The performance of a geometric transformation may be evaluated by statistical analysis of the distances between the point positions before and after the adjustment. Since the exact transformation models produce estimates that match the original points positions, the evaluation of their performance should be based on a set of control points that is independent of the set used for the adjustment [14].
2.
Data and methods
2.1. Data
The base information of this study includes the Portuguese Land Cover/Land Use (LCLU) reference maps: COS90 and COS95. Both are vector categorical maps that cover Mainland Portugal for 1990 and 1995, respectively. In addition to these maps, we use the 1995 aerial orthorectified images. These images and the COS95 map were chosen to harmonize COS90 because they were the available datasets closest to 1990 (with known positional accuracy and Mainland coverage). In the first stage of the study, the aerial images and COS95 are used, as reference sources of higher positional accuracy, to adjust the COS90 map. Next, the classification system of COS90 is harmonized with that of COS95.
The 1995 images were obtained from a 1:40,000 scale flight and orthorectified with a Digital Terrain Model, generated from the altimetric data at scale 1:25,000. For improving its positional accuracy, some images were adjusted using the 2010 orthophotos as reference. Despite the lack of knowledge of a formal evaluation of the accuracy of these orthorectified images, it is reasonable to expect that their positional accuracy should be about three meters, based on the acquisition process above described.
COS90 production was initiated in the late nineties. It was based on the manual delineation of visually interpreted LCLU units, over non-orthorectified aerial photographs. Initially delineated on paper, these units were subsequently digitized [20,21]. The resulting vector map was structured into sheets according to the Portuguese map series 1:25,000, using the Hayford Gauss—Lisbon Datum coordinate system.
The classification system (nomenclature) of COS90 is non-hierarchical [20,21]. It is composed of 942 classes, establishing a wide variety of combinations between the main LCLU types: Agricultural, Forestry, Uncultivated, Unproductive, Social, and Water. This nomenclature is difficult to integrate with other nomenclatures, in particular with those resulting from hierarchical classification systems, such as the nomenclature of the CORINE Land Cover (CLC) map, which constitutes an LCLU reference product at the European level [20].
In 2007, significant changes were introduced in the production of most recent COS maps (namely COS95, COS2007 and COS2010) [22]. An effort to harmonize with international standards and practices led to the use of the European Terrestrial Reference System 1989 (ETRS89) and the adoption of a nomenclature compatible with the CLC nomenclature, up to the third level. Thus, a hierarchical classification system, encompassing five levels of thematic detail, was adopted.

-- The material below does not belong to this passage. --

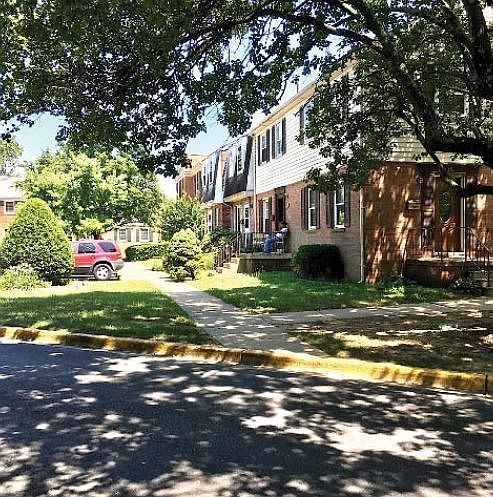 2nd image of 12838 Claxton Dr #4-F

The first level of the nomenclature describes the following LCLU classes: Artificial areas (1), Agricultural, and agro-forestry areas (2), Forests and natural and semi-natural areas (3), Wetlands (4) and Water bodies (5).
The COS maps after 1990, were produced through visual interpretation of high spatial resolution orthorectified aerial images [22]. As the coordinate system ETRS89/PT-TM06 was adopted in their production, COS90 was also later converted into this system.

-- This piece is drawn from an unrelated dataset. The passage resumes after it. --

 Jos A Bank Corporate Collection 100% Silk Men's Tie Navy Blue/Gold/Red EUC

Although the COS maps most recently produced share the same nomenclature, the 1995 map (COS95) has less thematic detail than its successors (e.g. at the most detailed level of the nomenclature COS2007 has 225 classes, while COS95 has only 89 classes). Table 1 compares the technical specifications of COS90 with those of COS95. It reveals that the geometric accuracy of COS90 is unknown and that COS90 has greater thematic detail than COS95. Thus, the thematic harmonization of COS90 with COS95 will cause a reduction of the thematic detail of COS90. Table 1 also shows that the minimum distance between lines of objects represented in COS90 and COS95 is different (40 and 20 meters respectively). As COS95 has a smaller minimum distance between lines than COS90, some of the contents represented in COS95, although present in 1990 are not depicted in COS90. Another difference between the two maps concerns the Minimum Mapping Unit (MMU). The MMU of COS90 is lower than that of COS95. This means that COS90 contains areas (smaller than one hectare) that are not represented on COS95, even if they existed in 1995.
Figure 1 shows the COS90 map reclassified into five LCLU classes, according to the first level of the CLC nomenclature.
2.2. Methods
In the geometrical harmonization of COS90, we applied spatial transformations available in Geographic Information System (GIS) software or libraries, except one which was developed in the Python language. For the thematic harmonization of COS90, we applied reclassification procedures, followed by an analysis of the contents that were missing in COS90 but could be imported from COS95 map (e.g. small rivers). The harmonization of COS90 included the following steps:
Ⅰ. Horizontal positional accuracy assessment of the COS90 map;
Ⅱ. Spatial adjustment of COS90 map using the 1995 orthorectified aerial images as a reference;
Ⅲ. Horizontal positional accuracy assessment of the adjusted COS90 map resulting from Ⅱ;
Ⅳ. Spatial adjustment of COS90 map produced by step Ⅱ using the COS95 map as a reference;
Ⅴ. Horizontal positional accuracy assessment of the adjusted COS90 map resulting from Ⅳ;
Ⅵ. Reclassification of the COS90 map produced by step Ⅳ using a COS90-COS95 nomenclature correspondence table;
Ⅶ. Inclusion of some thematic contents missing in COS90 but represented in COS95.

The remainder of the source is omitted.